Mm-hmm. Boy, I like the looks of that. I should have painted it white. Now I just have to tape off the rest of the peghead. Let's go outdoors. It's a beautiful day, for the professional.

Spray painting the frisket

Camera Crew: All right, let's do this.

[Dan starts spray painting the frisket on the peghead with aerosol lacquer]

Dan Erlewine: You got to follow the wind. Now it's going that way.

So we had to move our cameras indoors here. It's probably been less than 10 minutes, maybe eight. I did a little practice run last night on a other piece of lacquer and I took it off probably in a minute or so and I got some tips on how to do it.

Removing the frisket

If I see something like a line that doesn't look cut, I might just cut it a little bit, and I have my tweezers because you probably have to peel some of this off. Here goes nothing.

See, I might have left it on a little too long. It's left some residue. Whoa. Keep on going. Come on baby, let's go. Now we have to get smart. Let's see how I'm going to get this residue off. Hold on, I'm getting on there mighty quick with some naphtha [on-screen text reads: Behlen Naphtha Solvent - stewmac.com]. [Dan is rubbing the peghead with a rag with Naphtha on it] Crossing my fingers, knocking on wood.

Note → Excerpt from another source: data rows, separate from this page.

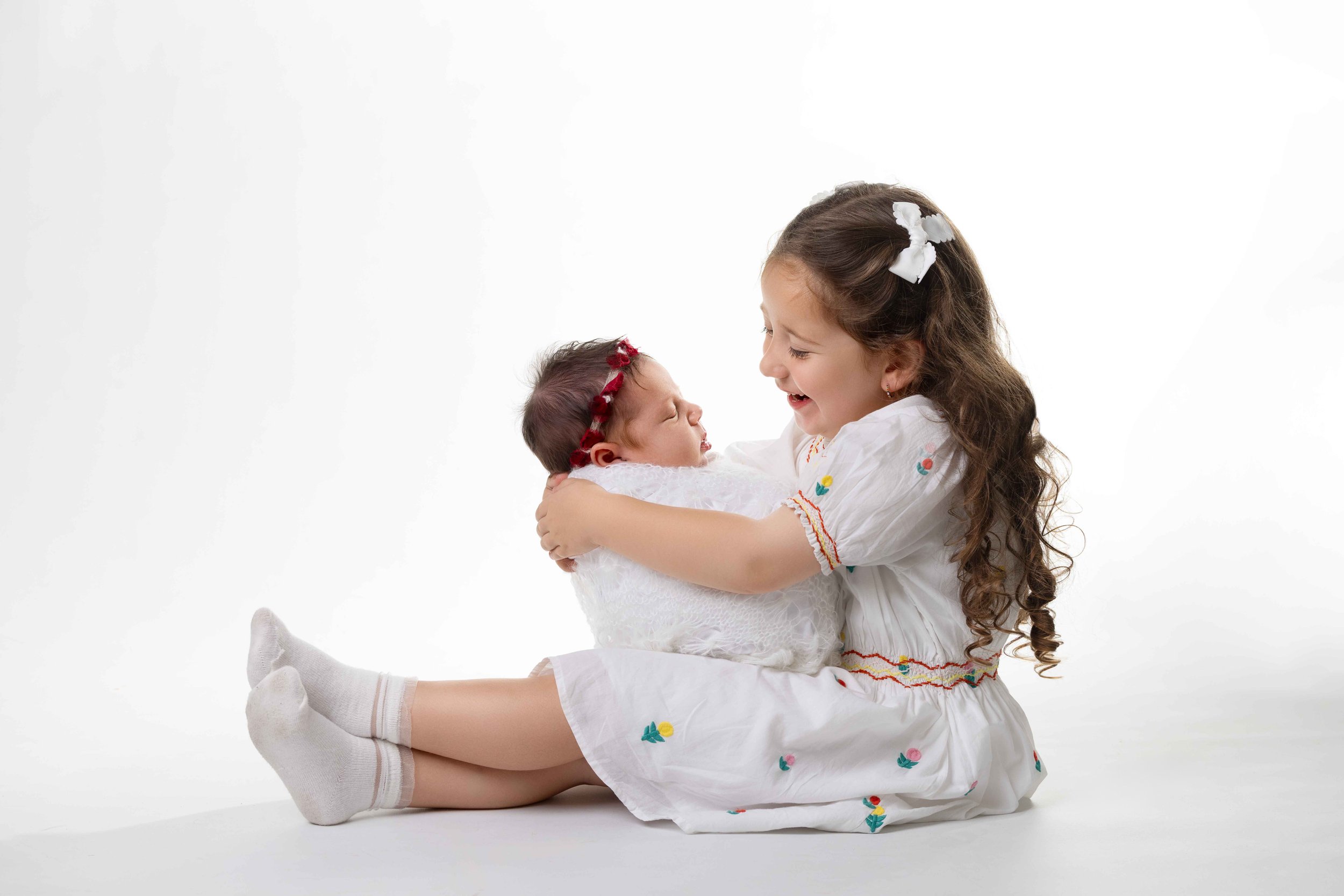 Delly photography, Stamford Hill, Golders Green, London, newborn, children, upsherin, outdoor, studio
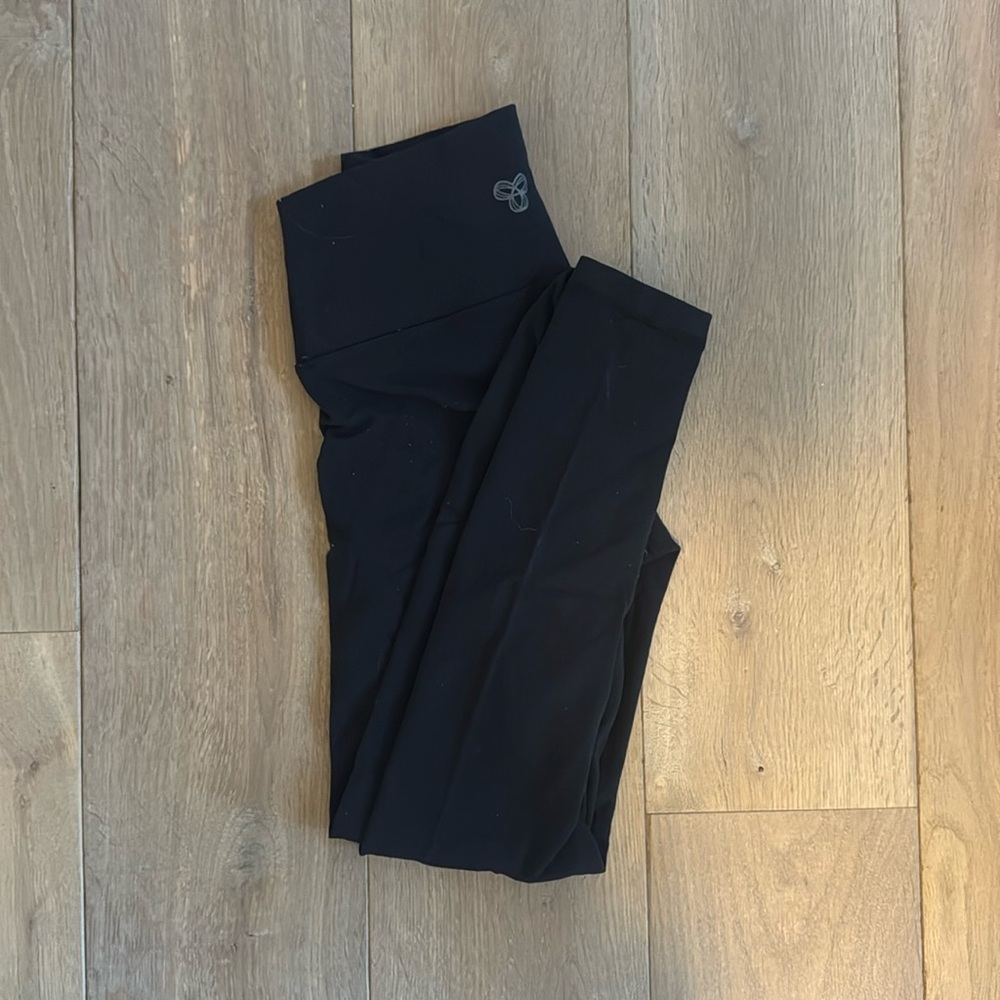 TNA leggings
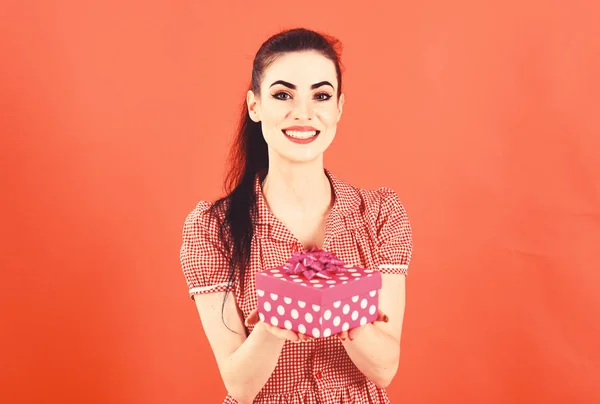 Fiatal nő portré hold ajándék karácsonyi színes stílusban . — Stock Fotó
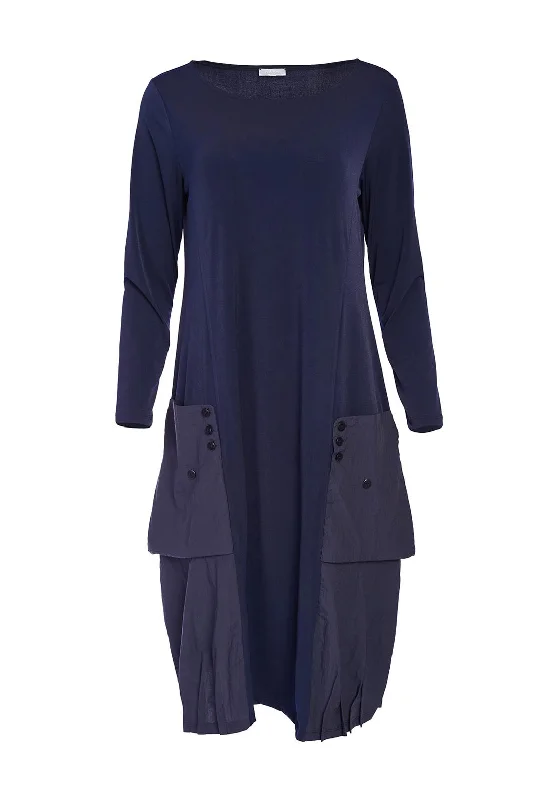 Halterneck dress – Dress with straps that tie around the neck, leaving the shoulders and back exposed.Halterneck dress – Dress with straps that tie around the neck, leaving the shoulders and back exposed.Naya Jersey Contrast Pocket Hem Dress, Navy Halterneck dress – Dress with straps that tie around the neck, leaving the shoulders and back exposed.Halterneck dress – Dress with straps that tie around the neck, leaving the shoulders and back exposed.Naya Jersey Contrast Pocket Hem Dress, Navy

So you might have learned a lesson on the lesson I just learned. Get it off as quick as you can, and don't be taking a video. It's coming off. Ooh, it looks good too. Go Danny, go.

Mm-hmm. Yay. Whew. Man, we lucked out. You got a double tip there. That's actually good to see a live video like that. Naphtha saved the day, and a little quick action. You got to get right to it and fix your own mistakes.

I'm going to get all this stuff off there and see how it looks. That's probably a 15-minute taping job there.

And that's it. I'm going to leave it just like this with that dry silk screen look. You could spray coats of lacquer on it and melt it all in, but frankly, this finish right off that aerosol can is flat enough that I'm done with it.